Slowly, painfully, Caia peeled her eyes open. She was lying in her bed. Lucien was sitting beside her, her wrists clasped gently in his hands. He had a blood smear on his cheek and his eyes were filled with something she had never seen before.

Lucien was scared.

She tried to reach for his cheek, concerned. “You’re bleeding.”

He just shook his head. “Not my blood.”

“Sss,” she hissed, another rip of pain lancing across her stomach. “Daemon.”

“You do remember.”

Yeah, she remembered alright. The bastard tore her stomach open.
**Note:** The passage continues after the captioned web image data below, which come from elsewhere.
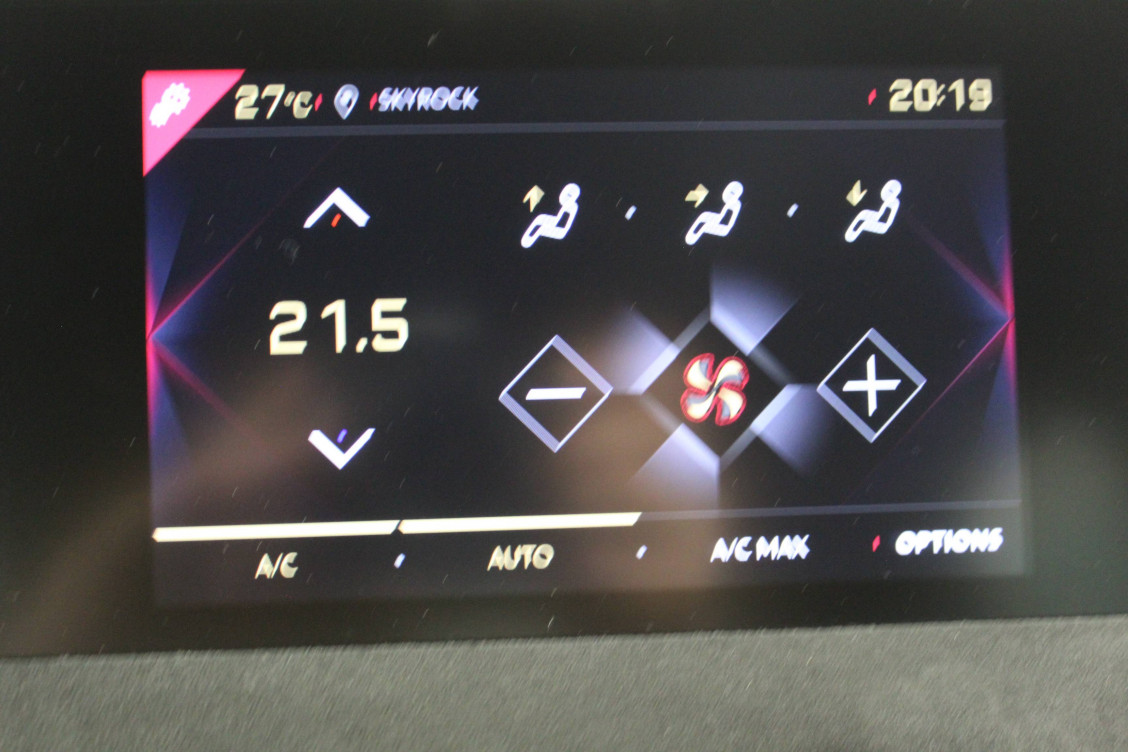 Acheter Ds Ds3 DS3 Crossback PureTech 100 BVM6 Performance Line 5p occasion dans les concessions du Groupe Faurie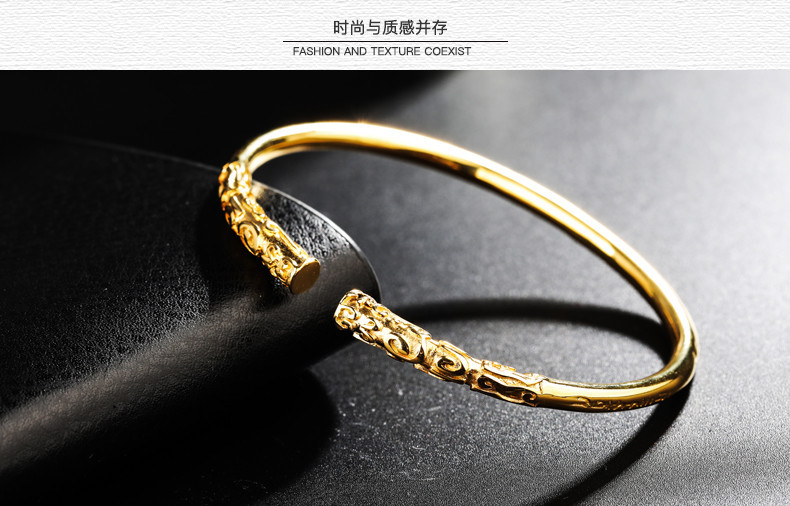 Retro Golden Hoop 304 Stainless Steel Enamel 18K Gold Plated Women's Bangle display picture 9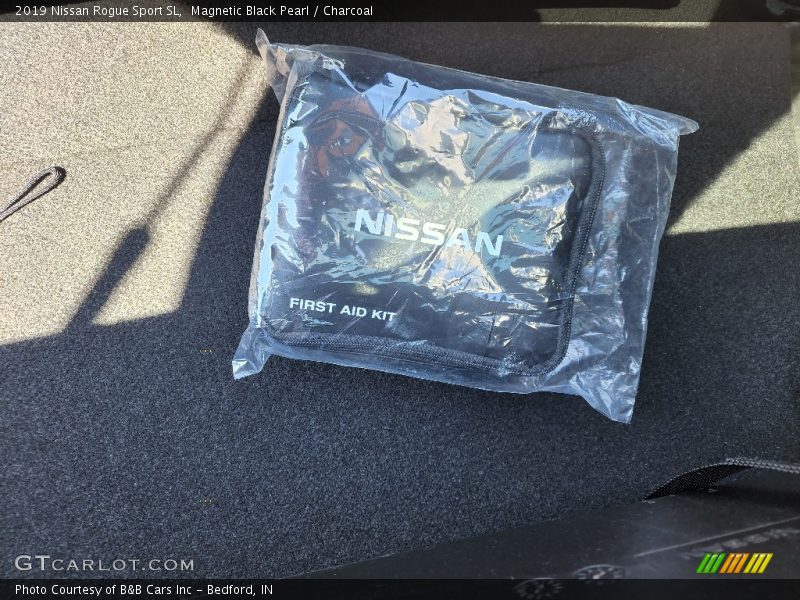 Magnetic Black Pearl / Charcoal 2019 Nissan Rogue Sport SL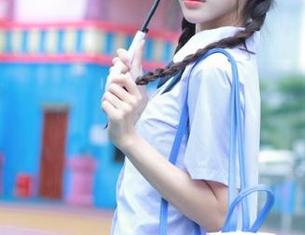 beautyleg – 探秘简晓育全套礼服写真，绽放优雅与可爱的完美结合！.txt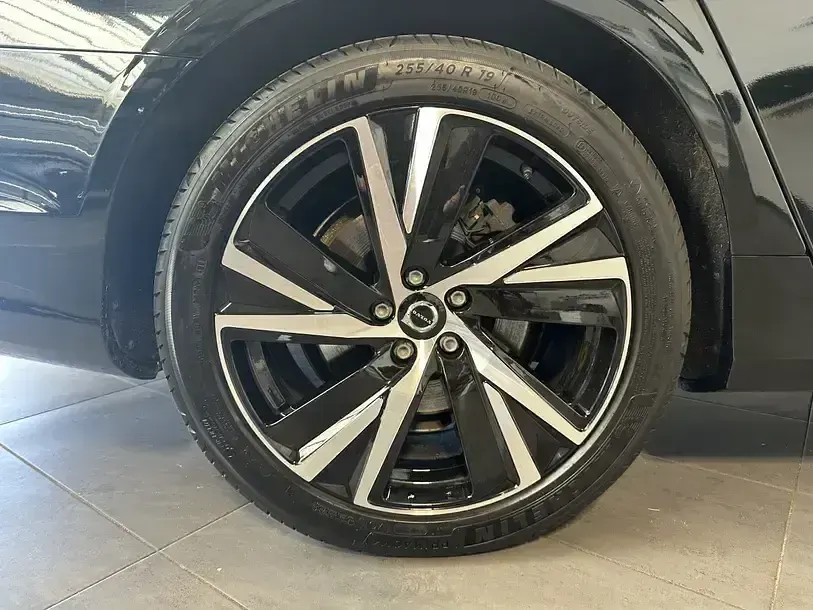 Gebraucht Volvo V90 Plus 398 PS (292 kW) 2023 Black solid Kombi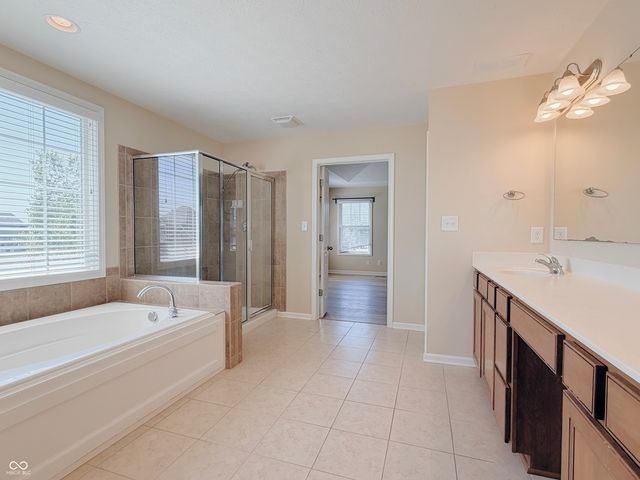 2535 Murphy Circle N, Carmel, IN 46074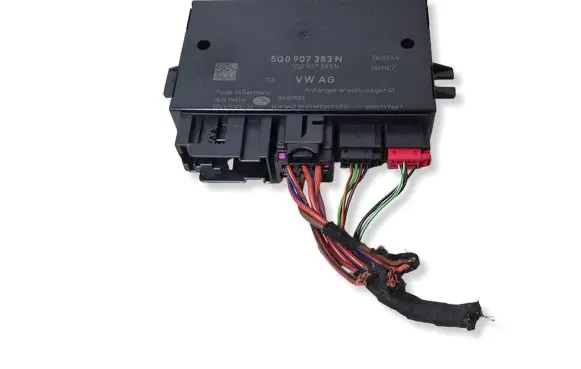 Volkswagen PASSAT B8 Tow bar trailer control unit/module 5Q0907383N 8A001003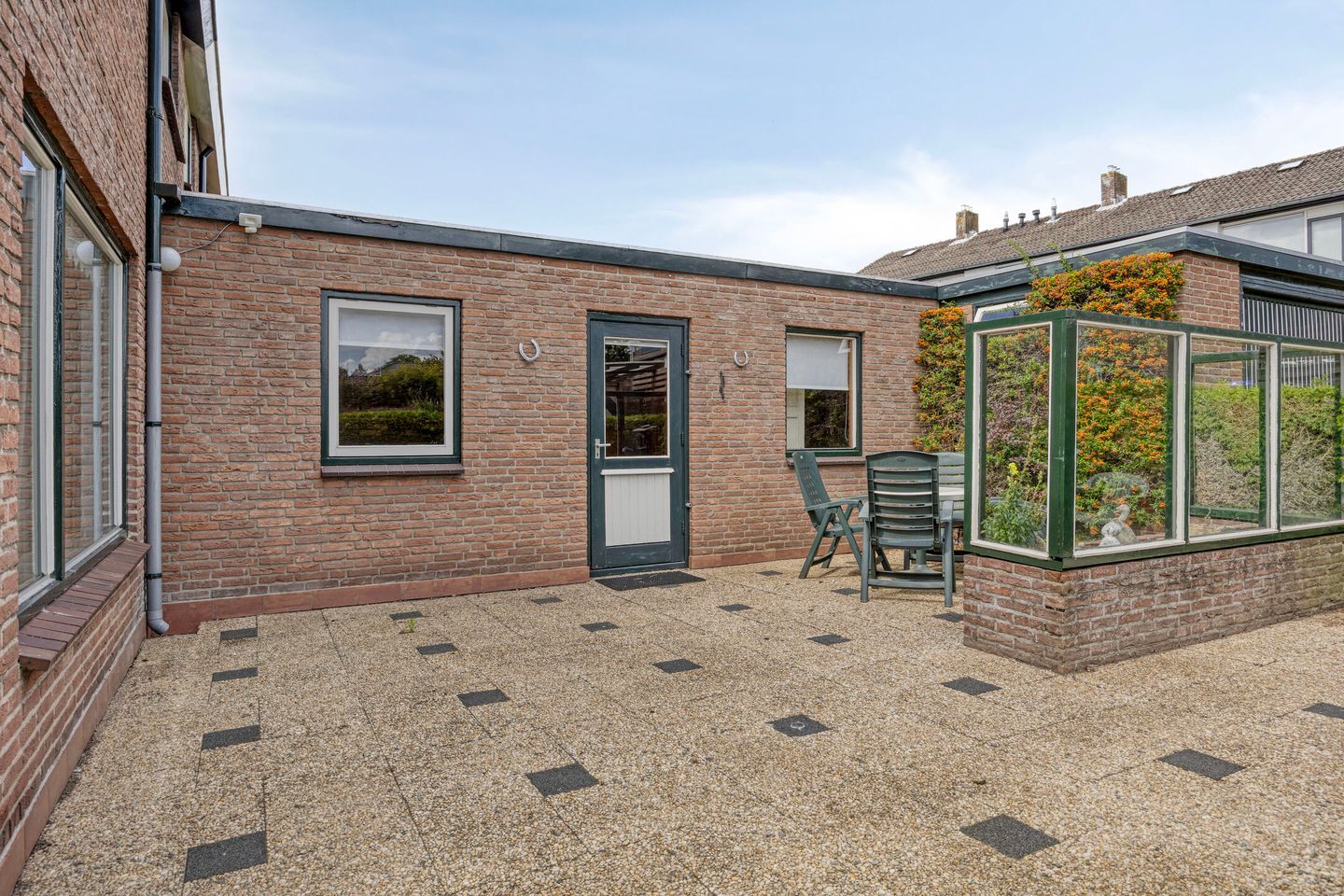 Photo 25 of Waardenborchstraat 38
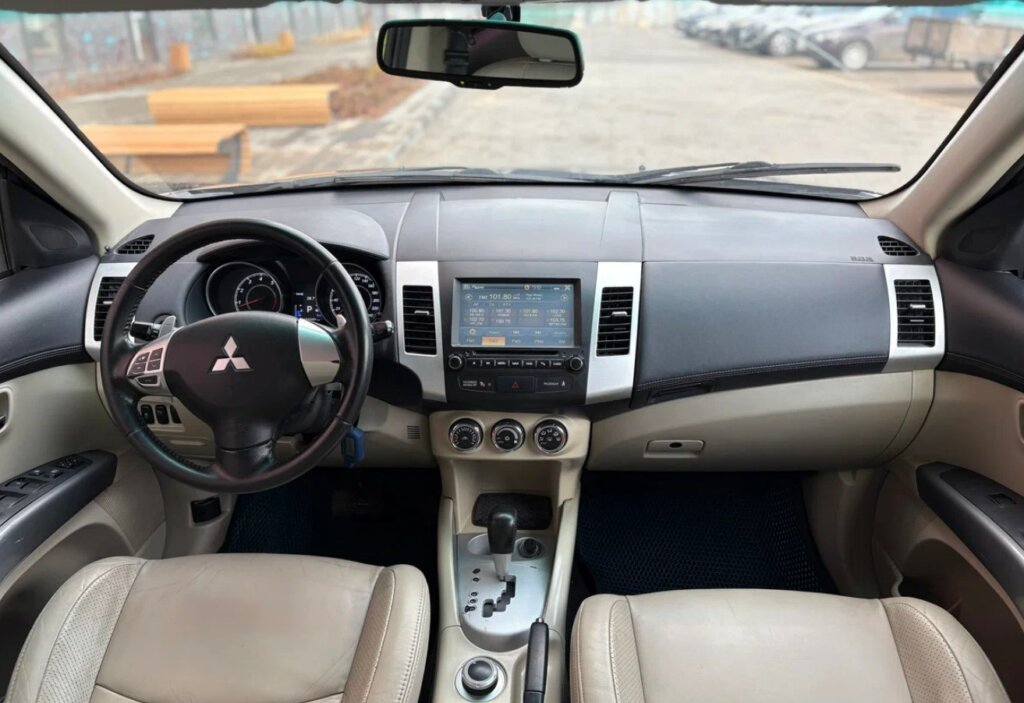 Mitsubishi Outlander XL: чего ждать после 200 тысяч км пробега?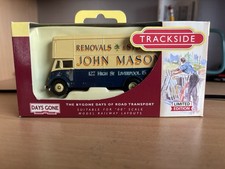 LLEDO TRACKSIDE - GUY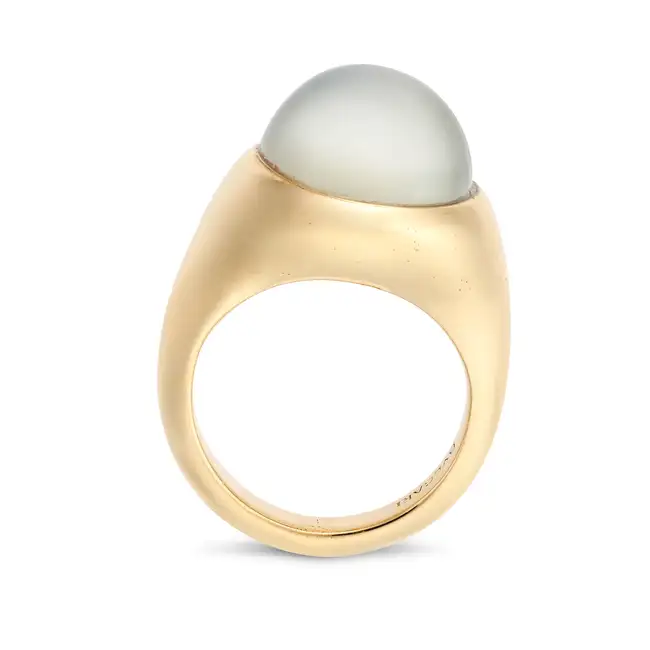A MOONSTONE DRESS RING in 18ct yellow gold, set with an oval cabochon cat's eye moonstone, signed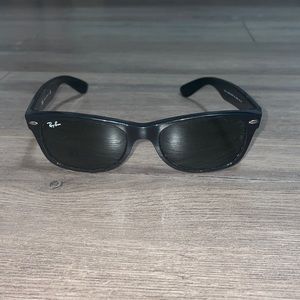 New Wayfarer ray ban sunglasses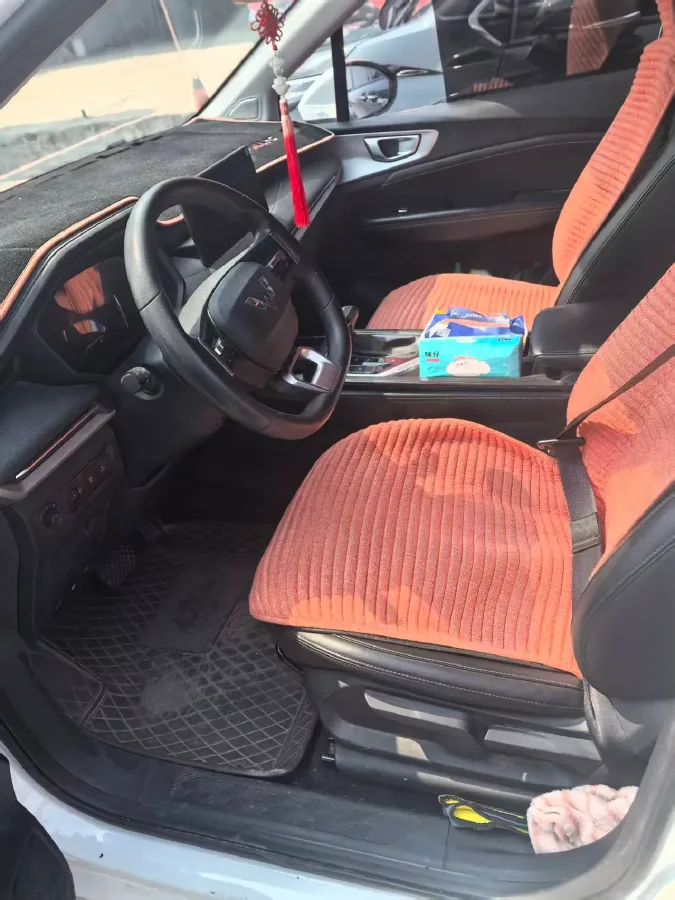 2022 WuLing KaiJie 1.5T 147HP L4 CVT,autocango,china used car exporter,china ev exporter,chinese used car exporter,chinese used ev exporter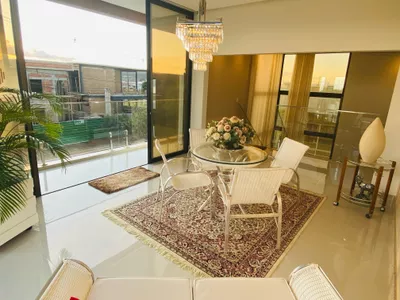 Linda Casa de 4 quartos sendo 3 suítes mais dependência completa e 4 vagas de garagem no Alphavill - Foto 29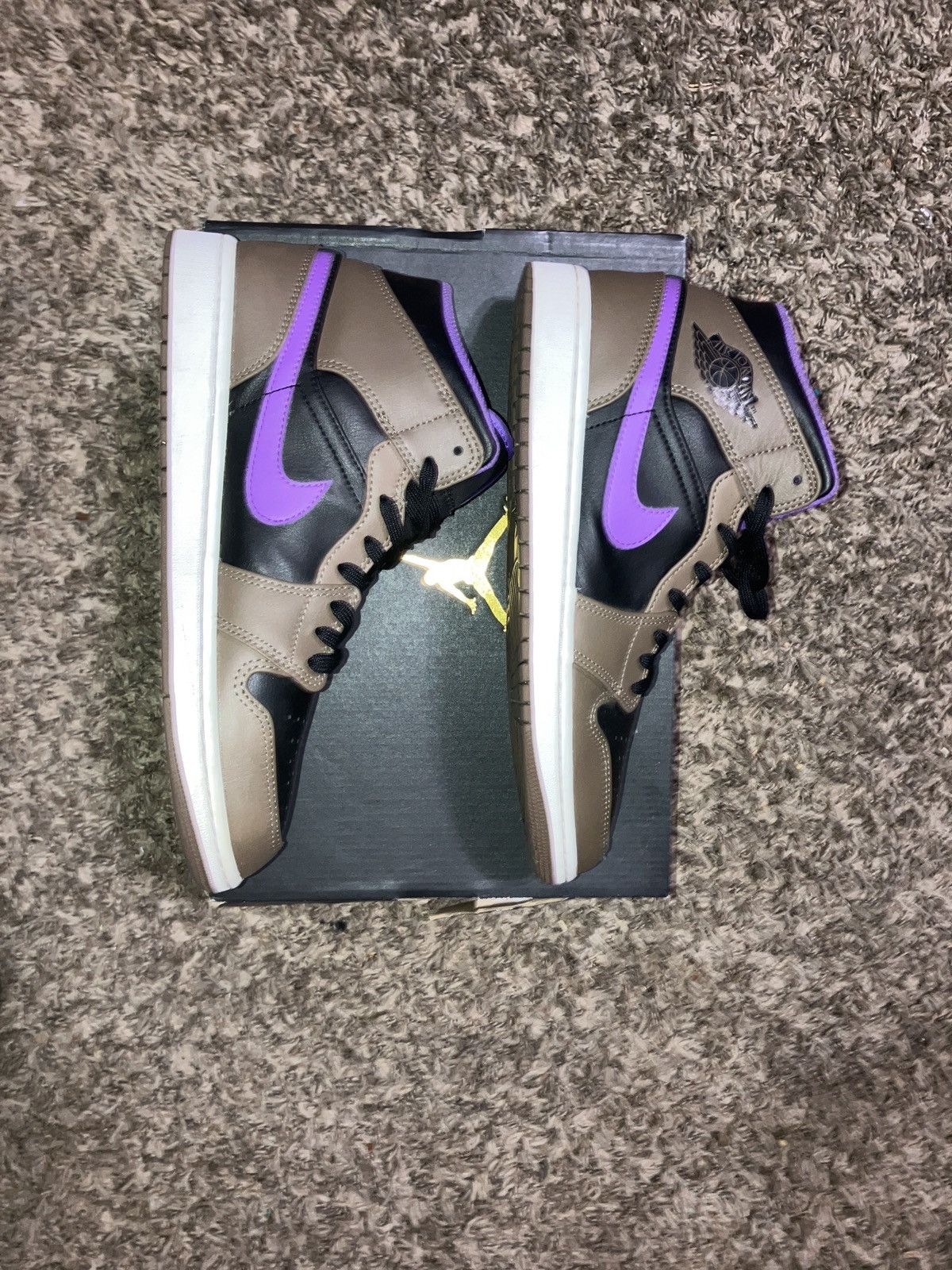 Jordan Brand Air Jordan 1 Mid 'Palomino' Size US 9 / EU 42 - 2 Thumbnail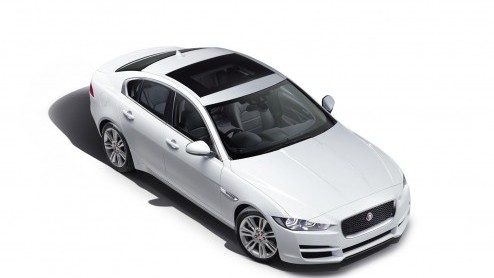 Jaguar heeft alle registers open getrokken om de XE wereldkundig te maken. Morgen schittert de sedan op de Parijse beursvloer en vandaag maakt de fabrikant alvast alle details bekend van motoren.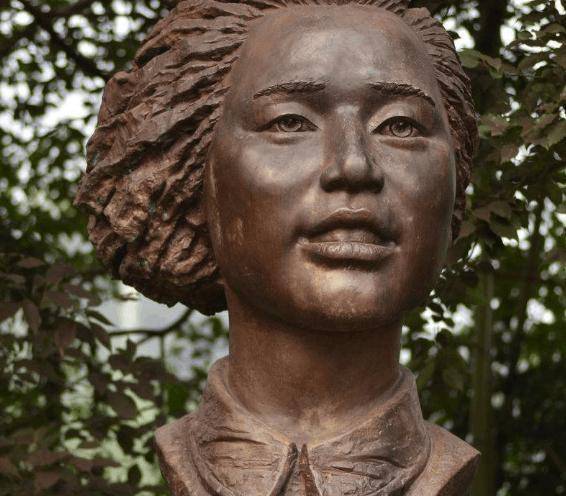 1937年秋,余家英考入成都蜀华中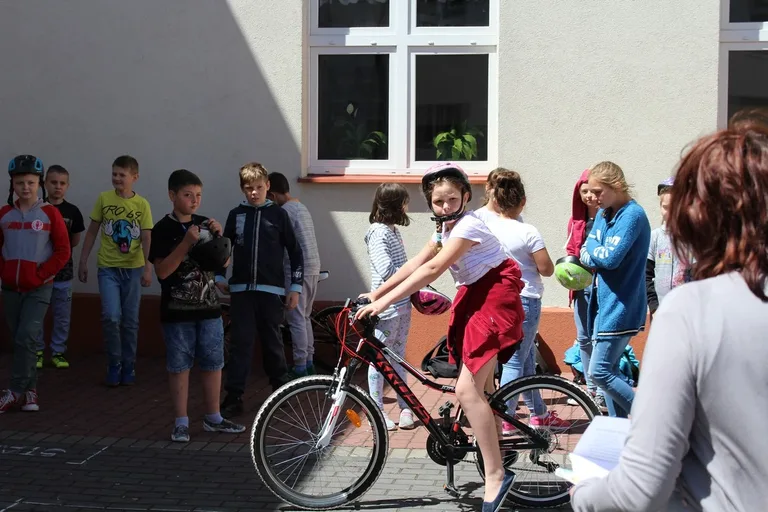 Uczniowie "jedynki" z kartami rowerowymi (zdjęcia)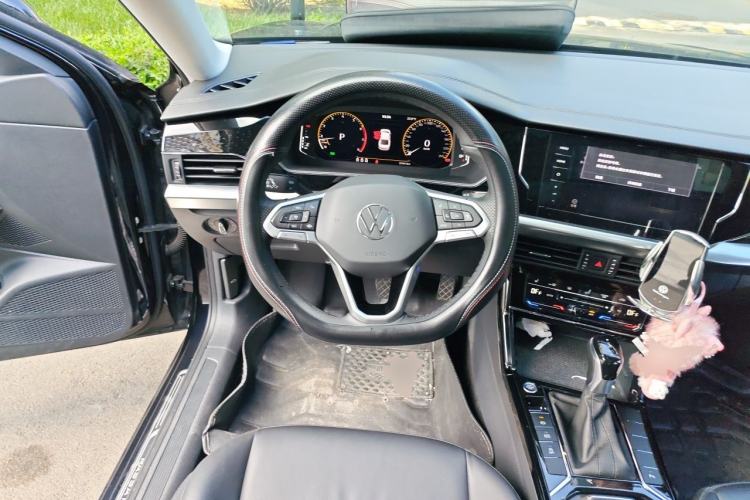 Used Volkswagen Passat 2022 330TSI Starry Elite Edition Steering Wheel
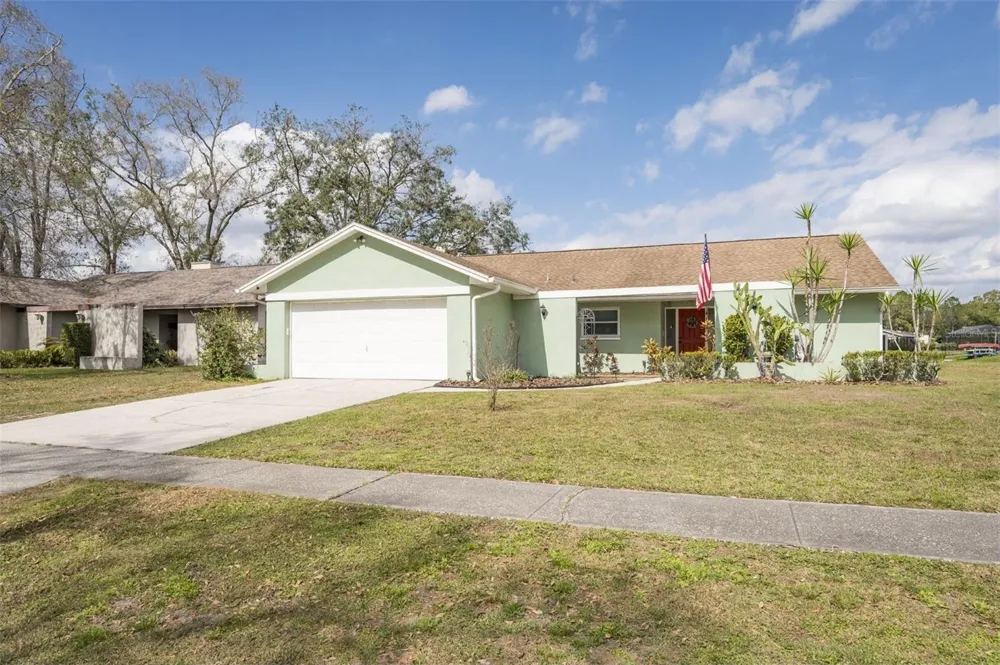 17512 BRANDYWINE DRIVE Lutz, FL 33549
She tried to pull at her wrists to inspect her wound but Lucien held firm.

“My stomach, Lucien,” she complained, hating the fear in her voice.

“It’s OK. Marion closed the wound but you’re still weak from blood loss, not to mention burning a fever.”

Caia slumped back against her pillows, exhausted from that little attempt at movement and in a blinding agony that rippled through all her nerve endings. She curled her toes down into the mattress her fingers mirroring the action, as if anchoring into the bed would take away the pain. “Where is Marion? I think I need drugs.”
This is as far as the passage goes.